Citation : 2024 Latest Caselaw 20671 ALL
Judgement Date : 11 June, 2024
HIGH COURT OF JUDICATURE AT ALLAHABAD, LUCKNOW BENCH Neutral Citation No. - 2024:AHC-LKO:42821 Reserved on 16.05.2024 Delivered on 11.06.2024 Court No. - 13 Case :- APPLICATION U/S 482 No. - 9012 of 2022 Applicant :- Ravindra Singh Opposite Party :- State Of U.P. Thru. Prin. Secy. Home Civil Sectt. U.P. Lko. And Another Counsel for Applicant :- Anil Kumar Maurya,Manish Mani Tripathi Counsel for Opposite Party :- G.A. Hon'ble Shamim Ahmed,J.
1. Heard Sri Anil Kumar Maurya, learned counsel for the applicant as well as Sri Ashok Kumar Singh, learned A.G.A.-1 for the State.
2. As per Office report dated 09.12.2022 notice has been served personally on opposite party No.2, but till date neither anyone has put in appearance nor any counter affidavit has been filed on behalf of the opposite party No.2.
3. The present application under Section 482 Cr.P.C. has been filed for quashing of impugned charge sheet dated 19.11.2020 and cognizance / summoning order dated 13.01.2022 along with entire proceedings of Criminal Case No.3295/2022: State of U.P. Vs Ravindra Singh, arising out of Case Crime No.845/2019, under Section 494 I.P.C., Police Station Gomti Nagar, District Lucknow, pending before the court of Chief Judicial Magistrate Gomti Nagar Lucknow.
4. Learned counsel for the applicant submits that the marriage of applicant and opposite party no.2 was solemnized on 21.04.2014 as per Hindu rites and rituals without any dowry.

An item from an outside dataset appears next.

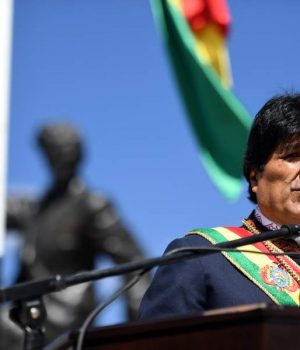 evo morales celebra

5. Learned counsel for the applicant further submits that due to some matrimonial dispute, applicant and opposite party no.2 are living separately and no relationship as husband and wife was made between them after marriage.
6. Learned counsel for the applicant further submits that the applicant filed a case under section 13 of Hindu Marriage Act 1955 for divorce bearing Case No.1033/2015 Ravindra Singh Vs Mithlesh against opposite party no.2, which is pending disposal before Additional Principal Judge Family Court Lucknow.
7. Learned counsel for the applicant further submits that the opposite party no.2 lodged an F.I.R. dated 17.01.2015 which is registered as Case Crime No.38/2015 for offence under Section 498-A, 323 I.P.C. and Section 3/4 Dowry Prohibition Act, Police Station Gomti Nagar, District Lucknow in which charge sheet has been filed and the case is registered as Criminal Case No.680/2016 and trial proceedings is pending disposal before the court of Chief Judicial Magistrate Gomti Nagar, Lucknow.
8. Learned counsel for the applicant further submits that the opposite party No.2 filed an application under Section 125 Cr. P.C. for maintenance bearing Case No.466/2015: Mithlesh Vs Ravindra Singh, which is pending disposal before Additional Principal Judge-8 Family Court Lucknow.
9. Learned counsel for the applicant further submits that the matrimonial disputes between applicant and opposite party no.2 are going on and same is pending disposal before competent court of law.
10. Learned counsel for the applicant further submits that the opposite party No.2 lodged another F.I.R. dated 23.07.2019 against the applicant and his family members which is registered in case crime No.845/2019 for offence under section 494 I.P.C., Police Station Gomti Nagar, District Lucknow.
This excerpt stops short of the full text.